Home of Author Herbert Grosshans. Science Fiction with a dash of Erotica
Web of Conspiracy, Book Three
Web of Conspiracy
A decision Jeff Chartrand made in Iraq has serious consequences. A friend rescues him and he has a torrid love affair. News of another murder makes his world come crashing down. He and his team uncover a plot within the US to assassinate the President and it becomes a race against time to foil the plans of a terrorist group.
She helped him out of the car. His limbs had stiffened up from sitting for so long.
“Can you walk?” He detected the concern in her voice.

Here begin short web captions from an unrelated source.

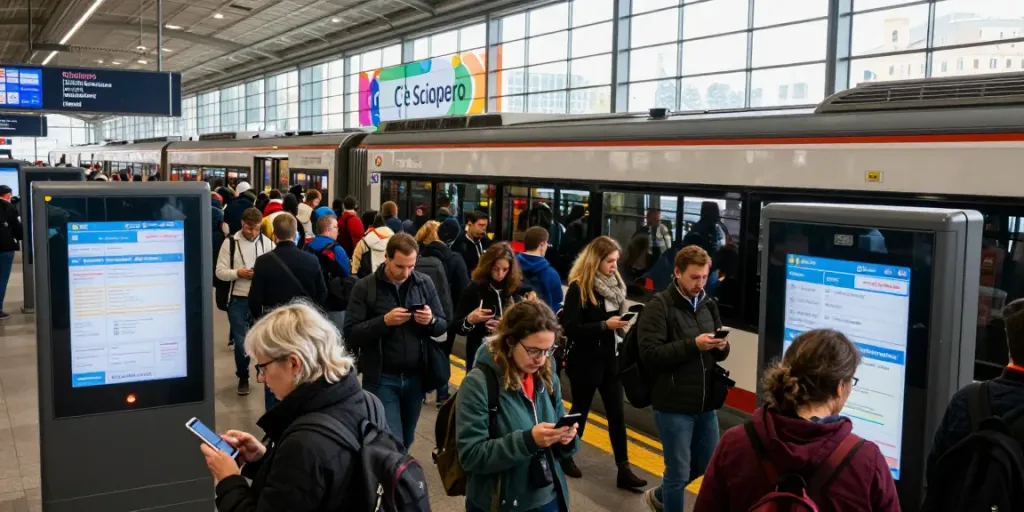 Commuters using smartphones for sciopero updates at a transit station.
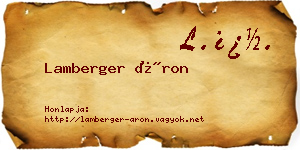 Lamberger Áron névjegykártya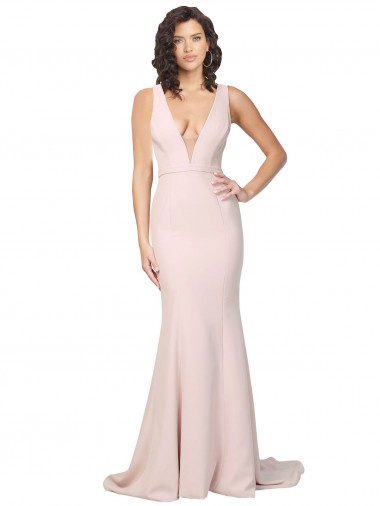 Sleeveless V-Neck Stretch Crepe Pink Sweep Train Black Tie Evening Gown / Prom Dress / Bridesmaid Dress Bath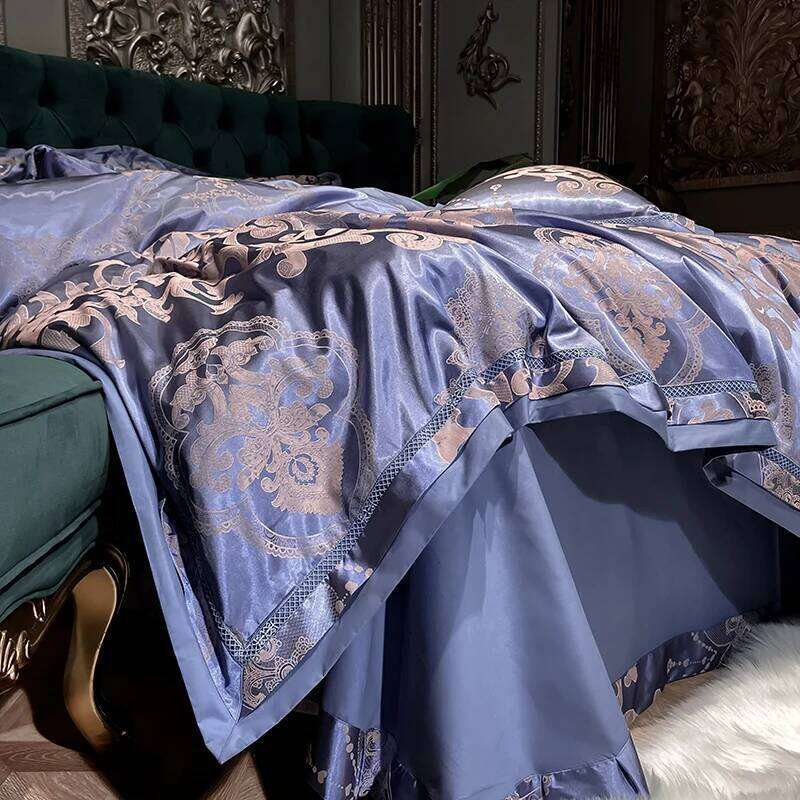 Soft Satin Jacquard Cotton Bedding Set, Duvet Cover, Blue, Gold, Gray, Queen, King Bed Sheet, Pillowcases, Home Textiles H260312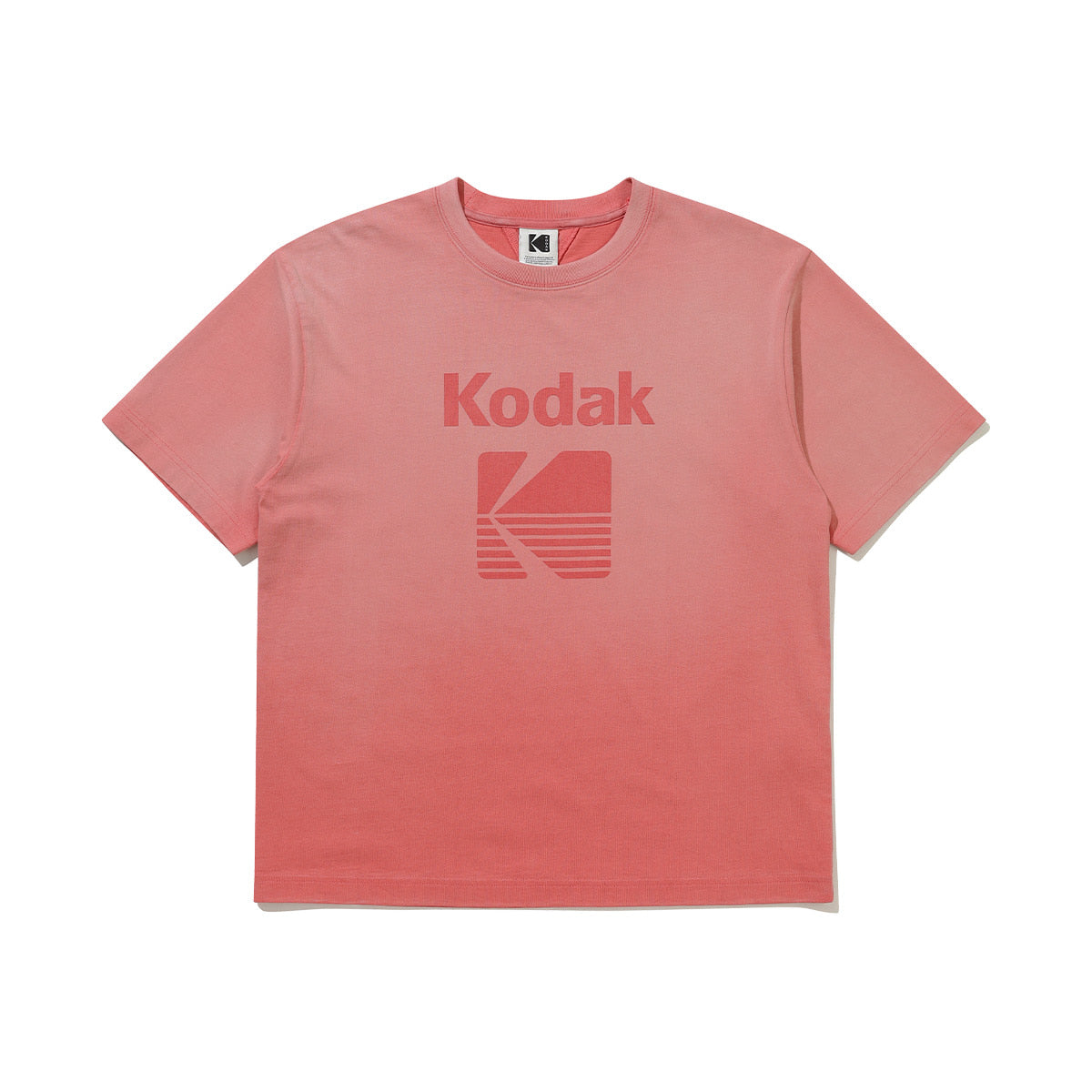 KODAK Flash Washing | Blur Washing Logo Semi-Oversized Short Sleeve T-Shirt — K6323WRSB1 PNK — image 10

“I’ll manage,” he said, leaning on her. She was not a big woman, but he felt the hardness of muscles where he touched her.

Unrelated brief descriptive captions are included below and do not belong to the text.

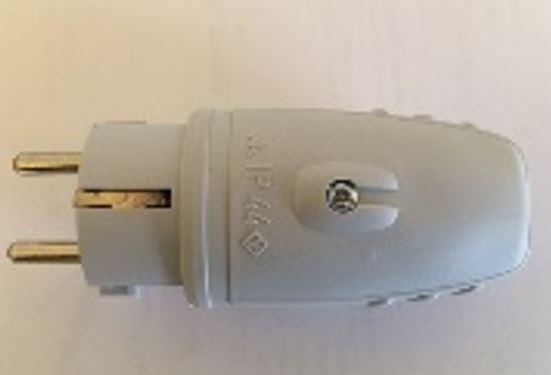 Plug N&L, 16A, 250V, IP44, grey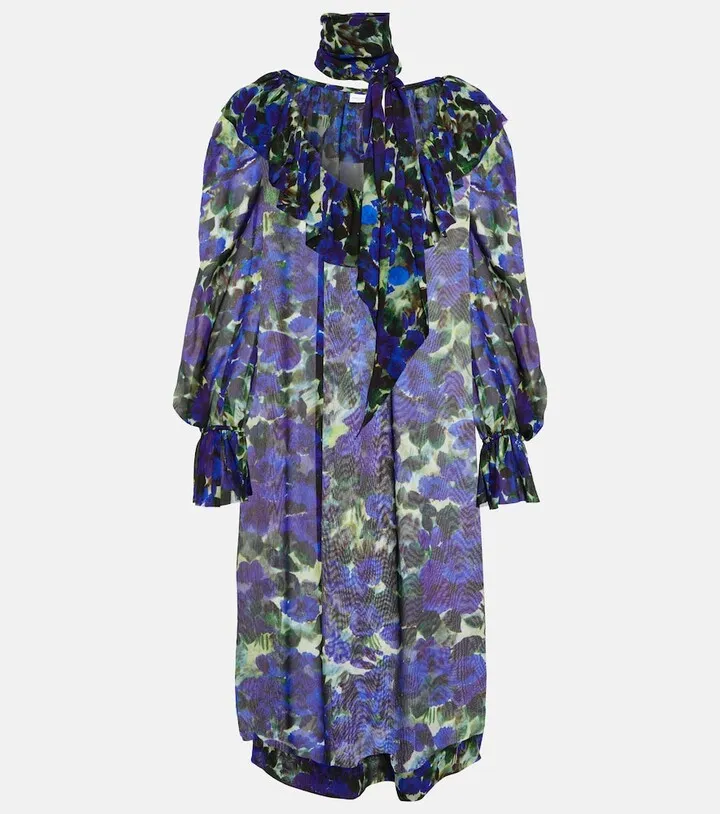 Printed crepe midi dress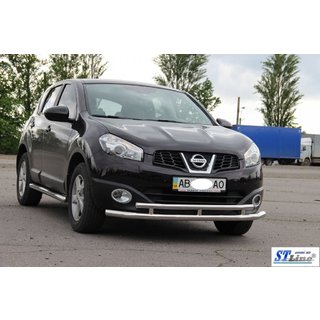 Priekšējais dubultais aizsargstienis ST016 (nerūsējošais tērauds) Nissan Qashqai 2010–2014 foto 3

This was not some soft party girl, even though she looked like one.
She lived in an apartment on the second floor in a building with tight security. They took the elevator from the underground parking garage. Even the garage was secure. No car would ever be allowed to enter without a pass. Only tenants of the building were in possession of a pass.
“Nice place,” he commented when they stepped into her apartment.
“It is home,” she said, smiling. “Sit down over there on the chesterfield. I want to take a picture of you.”
“For possible future use. One never knows when a picture will come in handy.” She helped him to the chesterfield. Looking at him, she shook her head. “You sure look quite a mess. Whoever worked you over did a good job.”
“How about giving me those painkillers before you take pictures?” He sank into the soft material, noticed it was leather. It looked expensive. No imitation here. Everything in her apartment looked expensive. The pictures on the walls; no prints, all original oils. The statue of a man and a woman embracing in the corner was exquisite.
“You seem to be doing well,” he said.
“Can’t complain. Now wait until I get your pills.”
He watched her walking away. She was slim, tall, maybe five seven or eight, with a walk that conveyed grace and strength. And she reeked of sensuality. She wore tight white pants that ended below her knees. Her calves were well formed, her ankles thin. He spotted a picture of her in a gi, with a black belt. It didn’t come as a surprise.
“Here we are.” She came out of the bathroom, went to a cupboard and took out a glass, filled it with water.
He took the pill from her, put into his mouth and washed it down with the water. “Is this water safe to drink?” he asked.
She chuckled and shrugged. “I hope so. I’ve been drinking it without any ill effects.” She watched him empty the glass. “Want some more?”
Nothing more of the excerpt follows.